◆ Your task
Return each line below exactly as it reads, and omit any image in it.

◆ Recorded data
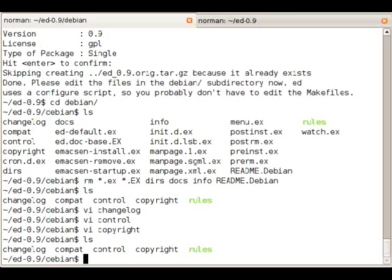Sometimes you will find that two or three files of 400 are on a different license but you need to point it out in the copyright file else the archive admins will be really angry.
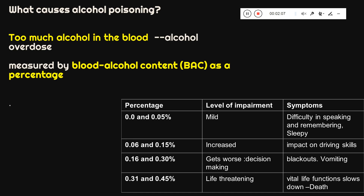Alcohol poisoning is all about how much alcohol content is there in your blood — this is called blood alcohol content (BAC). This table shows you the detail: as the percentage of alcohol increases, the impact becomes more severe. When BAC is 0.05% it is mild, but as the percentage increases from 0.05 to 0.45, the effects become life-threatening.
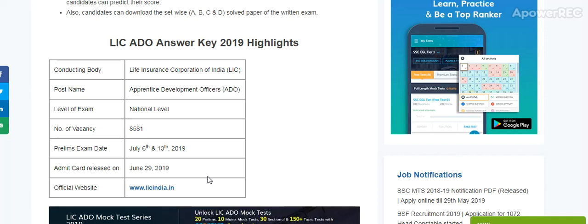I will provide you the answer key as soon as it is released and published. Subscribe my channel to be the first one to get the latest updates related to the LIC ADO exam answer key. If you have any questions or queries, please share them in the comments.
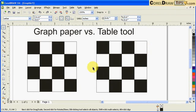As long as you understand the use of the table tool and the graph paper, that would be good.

◆ Your response
Sometimes you will find that two or three files of 400 are on a different license but you need to point it out in the copyright file else the archive admins will be really angry.
Alcohol poisoning is all about how much alcohol content is there in your blood — this is called blood alcohol content (BAC). This table shows you the detail: as the percentage of alcohol increases, the impact becomes more severe. When BAC is 0.05% it is mild, but as the percentage increases from 0.05 to 0.45, the effects become life-threatening.
I will provide you the answer key as soon as it is released and published. Subscribe my channel to be the first one to get the latest updates related to the LIC ADO exam answer key. If you have any questions or queries, please share them in the comments.
As long as you understand the use of the table tool and the graph paper, that would be good.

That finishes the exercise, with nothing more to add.